“It shouldn’t take a letter to the President of the United States to spur Penn to act,” Paul Thacker said. “But that’s just where we’re at right now in plagiarism involving a professor.”
Thacker is an investigator for the Project on Government Oversight, a watchdog group that asked President Barack Obama last month to remove Penn President Amy Gutmann as chair of his Commission for the Study of Bioethical Issues.
The request came soon after the Department of Health and Human Services launched an investigation into charges of research misconduct levied by a Penn professor against five other researchers, including two of his colleagues in Penn’s Psychiatry department.
The researchers are accused of claiming authorship of a ghostwritten paper — one that has been written by someone else without giving due credit — about a drug manufactured by the pharmaceutical giant GlaxoSmithKline. According to the charge, the paper was drafted by a company hired by GSK itself.
“No reasonable person can justify” academic ghostwriting, said Eric Campbell, a professor of medicine at Harvard Medical School. “To claim you did something when you didn’t is a fundamental violation of one of the tenets [of research].”
Corporate-funded medical ghostwriting can have especially negative effects.
“The entity that’s being represented [in a ghostwritten medical article] is a corporate view, and that influence is unseen,” said Adriane Fugh-Berman, a professor of pharmacology at Georgetown University. “There are marketing messages that are included.”

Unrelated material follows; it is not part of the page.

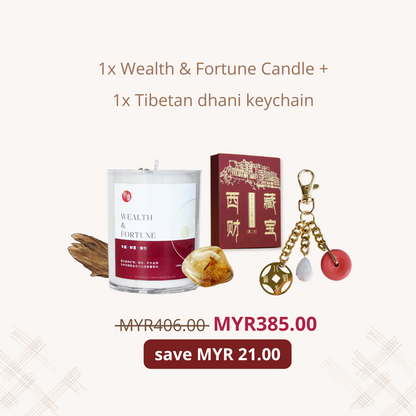 Sha Mirac Wealth & Fortune Candle (Malaysia)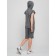 Sports suit for a boy, height 164 cm, light gray color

Medical ghostwriting is not an uncommon occurrence; in 2009, The Journal of the American Medical Association surveyed authors of 630 medical articles in top journals, 7.8 percent of whom anonymously admitted to omitting names of significant contributors.
“It’s not a rare phenomenon,” said Mildred Cho, the associate director of Stanford University’s Center for Biomedical Ethics. “So in many ways I’m not surprised [it may have happened at Penn].”
But what especially galls Thacker is that POGO accused one of the Penn professors currently under investigation — Dwight Evans, chairman of the department of psychiatry — of ghostwriting once before.
Penn stood by Evans when he was initially accused at the end of last year. “We believe that the allegations of ghostwriting made by POGO … are unfounded,” Penn Medicine spokeswoman Susan Phillips wrote in a statement at the time.
Thacker now questions the thoroughness of Penn’s internal investigation conducted at that time. “This is an issue of very serious concern that was brushed aside in just 72 hours,” he said. “The idea that Penn was able to pull a serious inquiry in the matter was just wrong.”
Berman, too, was struck by how quickly Penn came to Evans’ support. “It does not seem like the school’s taken a strong stand on [the ghostwriting charge],” she said. “With the original case, they just said that the allegation was unfounded. That’s implausible. There’s documentation.”
Phillips wrote in a statement that a review of the recent charges of research misconduct are currently underway and defended the investigation last year.
“The inquiry made last year by POGO regarding a single article was taken seriously by the medical school and the University, and was reviewed appropriately at that time,” she wrote.
But for what POGO sees as Penn and Gutmann’s initial failure to respond to ghostwriting on campus, the organization is calling on Obama to remove her from her post on the bioethics commission.
“If this happens over and over again, it does raise questions,” Campbell said of the ghostwriting accusations. “Failure to take those [accusations] seriously does raise concerns about anyone’s ability to serve as an advisor to the president.”
Cho, however, is skeptical of POGO’s request. “I don’t think there’s a reason she should have to step down,” Cho said, as long as Gutmann followed the proper protocol.
But POGO remains committed to its crusade.
“The buck needs to stop with her,” Thacker said of Gutmann. “So that’s why we made her the issue this time.”